同じ業種の友人たちと公開講座のセミナーを開いていた。その中に一人の青年がいた。そして依頼の内容の概略はこうであった。「100年住める住宅が欲しい」と。その言葉は重い。そして、その敷地のロケーションは見事だった。眼下に町の明かりが拡がる。敷地には段差があった。彼の素朴な性格、真摯な姿勢に答えなくてはならない。
設計は私になった。「建築は上棟時の構造体の時が一番美しい」の言葉がずっと気にはなっていた。段差のある部分はコンクリートの躯体で抑えた。そのまま全てコンクリート造でつくり込むことも考えてたが、和室になる部分の仕上げについては疑問があった。最終的には、リビングダイニングは大スパンになるので、コンクリート壁構造にして、廻りの室は木造で並列した。片屋根の木造部分はハイサイド窓を設け、そこから光をもらうようにした。横切る梁間に光格子と設けそこに照明も仕込み、ハイサイド窓の光をワンクッションおき、結露とメンテナンスの為、格子は取り外せるようにした。他天井も梁を表し合板、ポリカツィンの取り外しで点検用とした。

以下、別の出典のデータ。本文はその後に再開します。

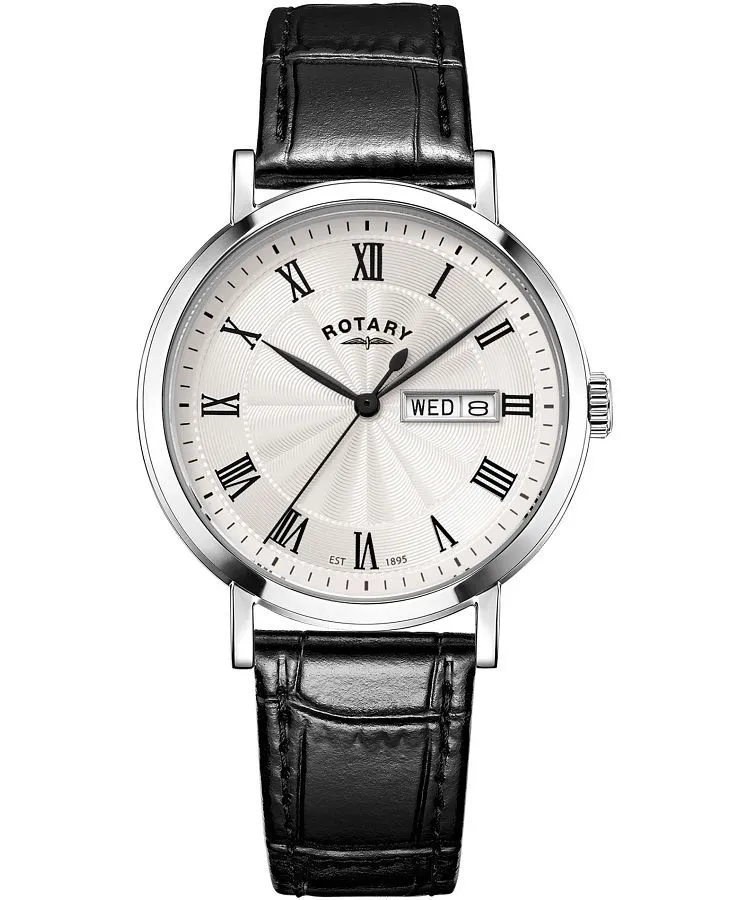 Rotary Heritage férfi karóra GS05420/01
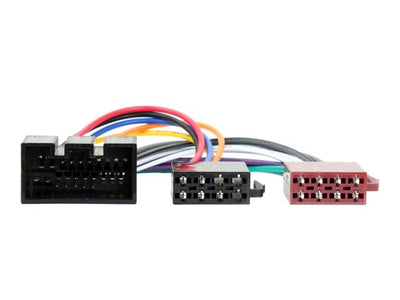 Connects2 CT20LR02 - Land Rover Models 2005> ISO Harness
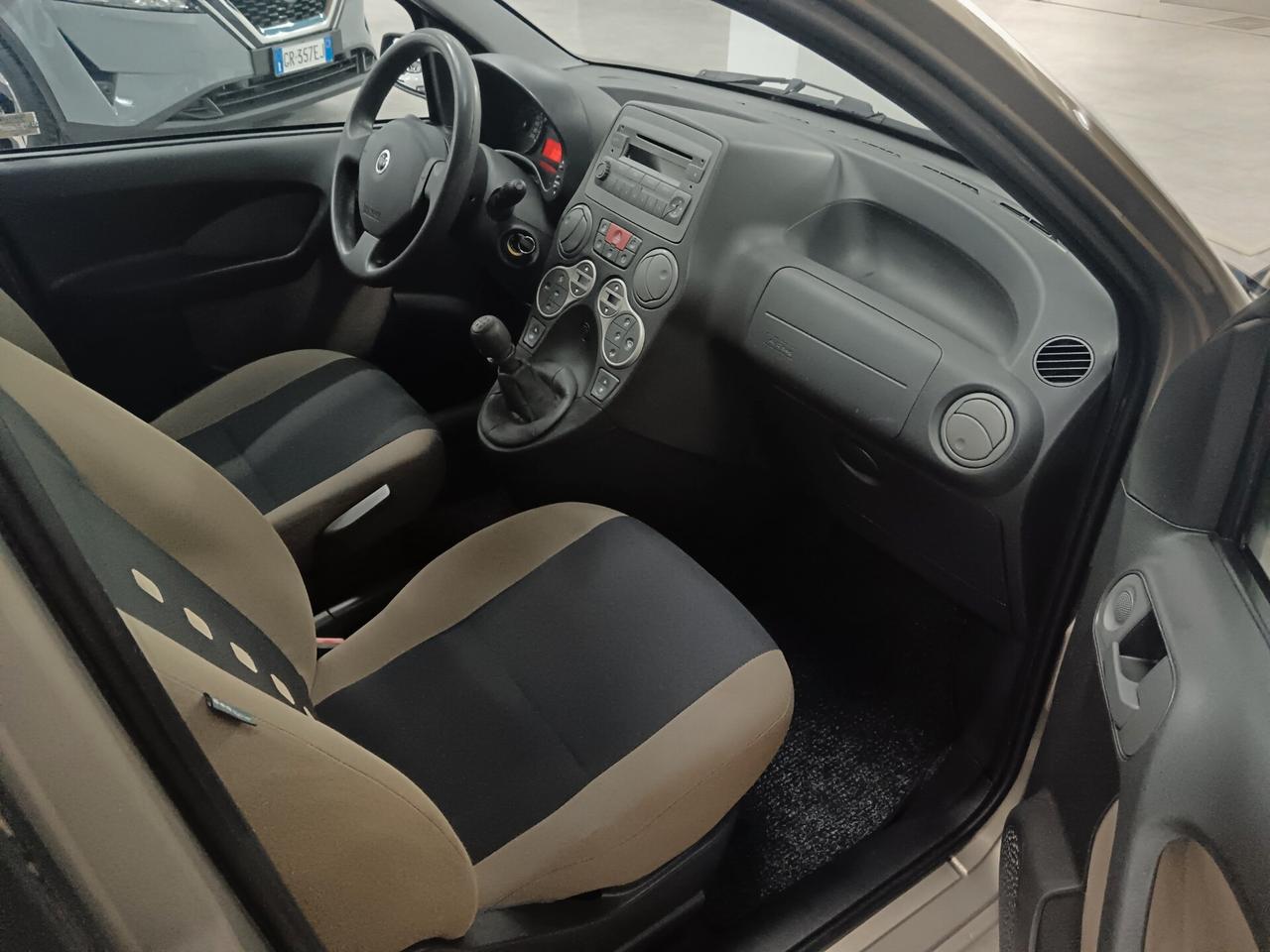 Fiat Panda 1.3 MJT 16V Emotion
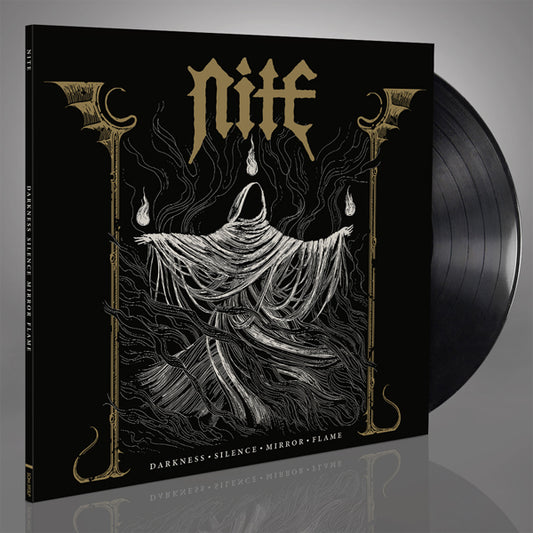 Nite - Darkness Silence Mirror Flame (2020) - Black Metal - LP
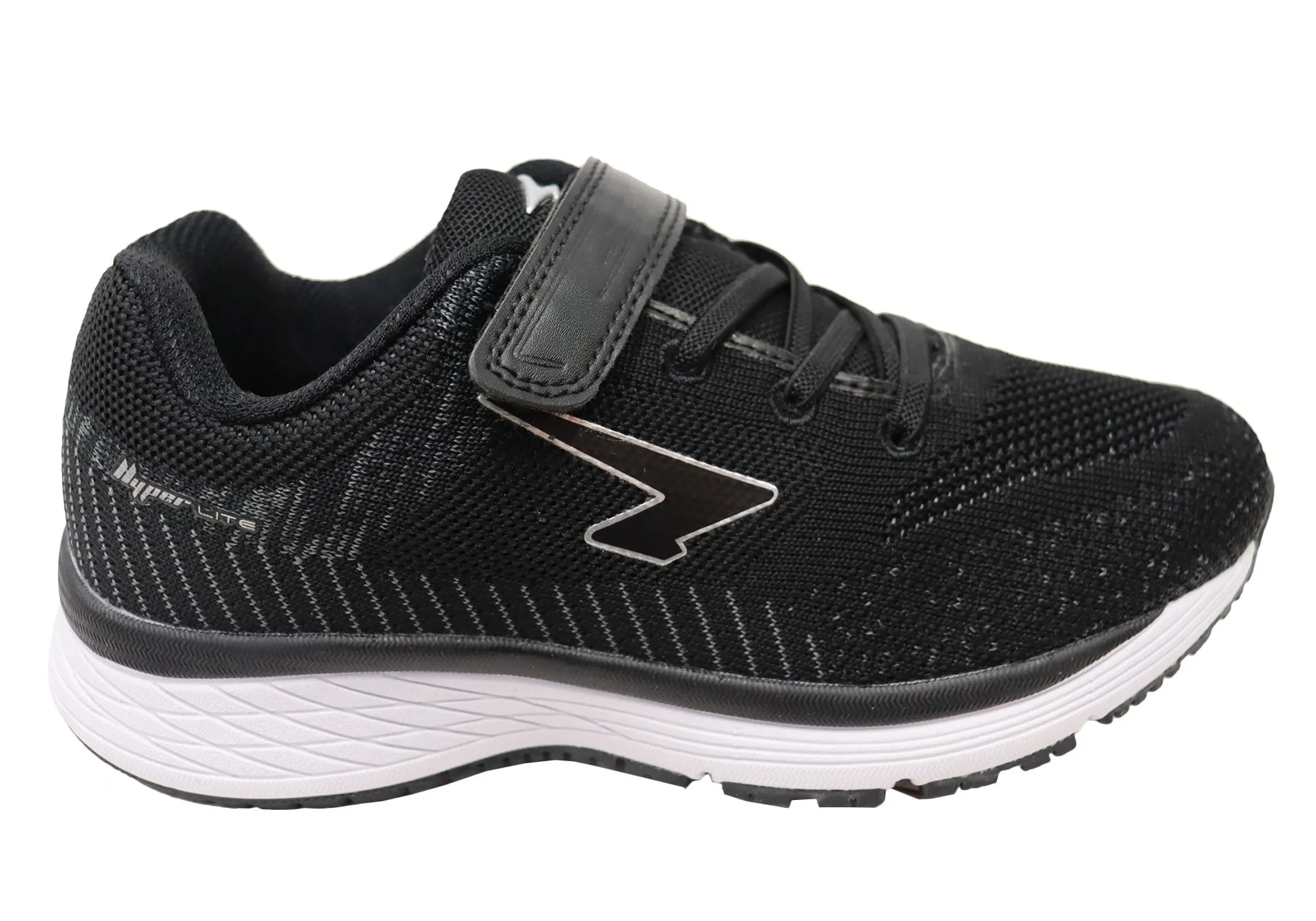 Chaussures de sport Sfida Vertex Kids à sangle réglable et confortables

3部屋繋がる室の木の構造体は表し、垂木もそのまま表し、その上に外張り断熱とした。
コンクリート屋根は、防水と劣化の為、軒を長く伸ばした。コンクリートはアルカリ性、直接雨風は、浸透性の塗料を施しても黒ずむ。それと、雨水排水を室外に設け為だ。コクリート造にて、屋上に立上がりを設けプールにし防水するのが矛盾する。防水の保証期間は十年だ。万が一を考えてれば、室外になる躯体に設けたほいうがいい。
100年住もうとするには、それなりの配慮が必要だ。100年の住まいには、永く耐えられる平面構成が必要だ。
仕上げについては、自ずと材料の質感を表す素材となった。コンクリート打放しはむしろ室内の空間構成にあう。石に似た素材感とある種の緊張感が生まれる。コンクリート打放し信仰派ではないが、打放しは写真では解らない程に無為にやさしい。ただ、スランプを上げてきゃしゃな美しいだけのコンクリート(内輪ではしゃぶコンと呼ぶ)は頂けない。コンクリートの力強さがあったほうがいい。
困ったのは4.5帖の客を迎える茶の間だった。小さな室にはそれに似合う空間が必要だ。思い浮かんたのは、利休居士が設計した待庵だった。床の天井が、壁から塗り回すような設えがある。そんなイメージで、ネパールの和紙を仕入れ、壁から天井まで廻し込むようにRをつけて袋貼りにして貼った。床柱は、竹屋にいって、笹がついた竹を添えた。茶室小間にある柱は元来自然を持ち込む意図をずっと感じていたからだ。これでキッチュな和室の様式からいくらかでも抜け出せるかと。こんな意図で創られた。
打放しをオーナーのお母さんが気に入ってくれたことが何より安堵したことであった。オーナーが誰よりお母さんを大事にしてのは解っていたから。嫁いでいったお姉さん達も完成時にはそのロケーションビューを大変喜んでくれた。これはもう設計の善し悪しよりも道路を拡幅で代替地でここを選んだオーナーの勝利だと思った。